Christopher Hamilton

I was raised in St. Louis, Mo. I went to school a little, to a Sunday School, and learned to read, but was stopped—I suppose because I was learning too fast. My people came from Virginia. They were all free by right. My grandmother was an Indian woman. She put my mother with a man by the name of E—G—, to bring up. He moved to Kentucky, stopped a little while, then went to Missouri, thence to Jackson, Miss. While they were moving out, on their way to Kentucky, I was born on board a boat in Pittsburg. After we reached Jackson, my father, my mother, and all their sons and daughters, except myself and a sister who had two children, were sent to Mine Oburden—lead mines—they moved there with Dr. G—, who kept them all for slaves.
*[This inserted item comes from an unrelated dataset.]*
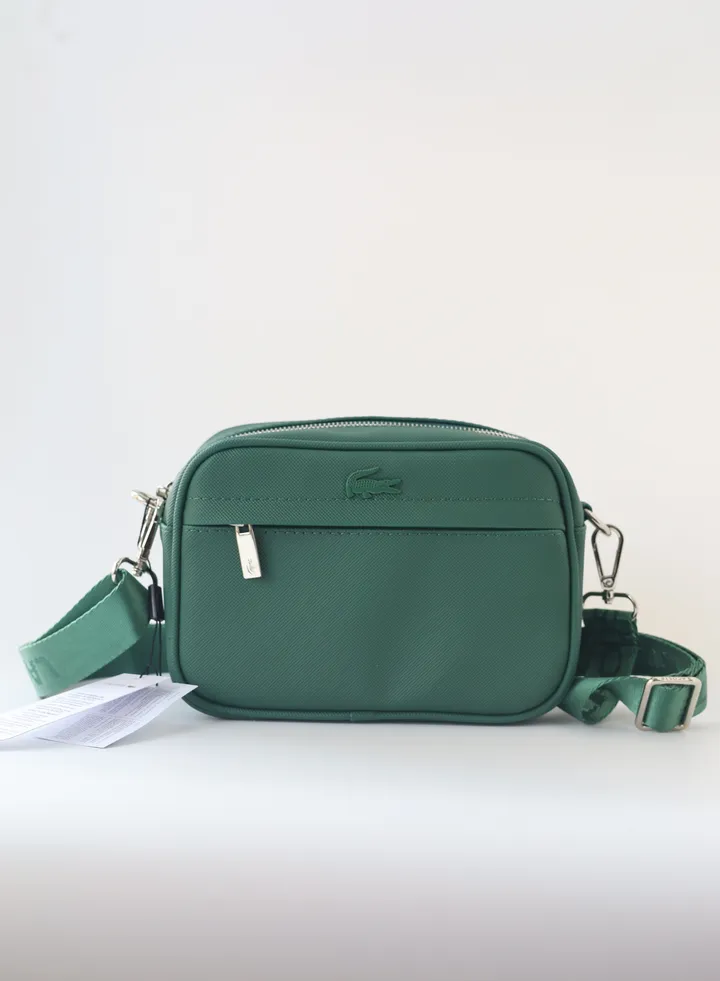 Lacoste Crossbody Bag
After he had stopped there awhile, he sold them to a man named S—P—. My sister, her two children, and myself, were sold by W—G—, to whom the Dr. had given us up for debt, to a man in St. Louis. W—G—was in debt to a man named H—, and H—was in debt to a Frenchman named B—. We slipped along from one to another to pay debts. With B—I remained from ten years old, till I left for the North. I have written kind letters to B—, but got no reply. The people who were sold to S—P—all were finally removed with him to St. Louis, except one who died in the South.

I look on slavery as the greatest evil that ever existed The preaching I used to hear was, “Servants, be obedient to your masters.” “He that knoweth his master’s will, and doeth it not, shall be beaten with many stripes.” I was well used by my master, and well treated, until he married a second time. He married a very mean woman. He was a very wealthy man, and when she married him, it raised her right up. Nothing could please her. I had been married two years, and she tried to persuade her husband to sell my wife down the river: she wanted to whip my wife, and my wife would n’t let her. I did not wait to see whether he would sell her or not: but we came away,—got off very comfortably. I had only sixteen dollars when I started. When I got here, I found a brother of mine here,—he helped me about getting work, and I make out to live comfortably. I would n’t go back for all St. Louis, poor as I am.

They have no good feeling there for colored people anyhow. All they care for is, to get all the work out of them they can. They whip them to death, starve them to death, and I saw one colored man burned to death,—McIntosh, who had killed a man.

I used to go to Sunday School in St. Louis, to Mr. Lovejoy—the man who was killed.

The colored people in London are generally saving; they do not waste their means; they are getting along as well as they can expect, as a general thing. I do not know of one who suffered so much here, as he would in slavery. There are some who are vicious and dissolute, and so there are of all nations. Take them in general, and they are getting along first-rate.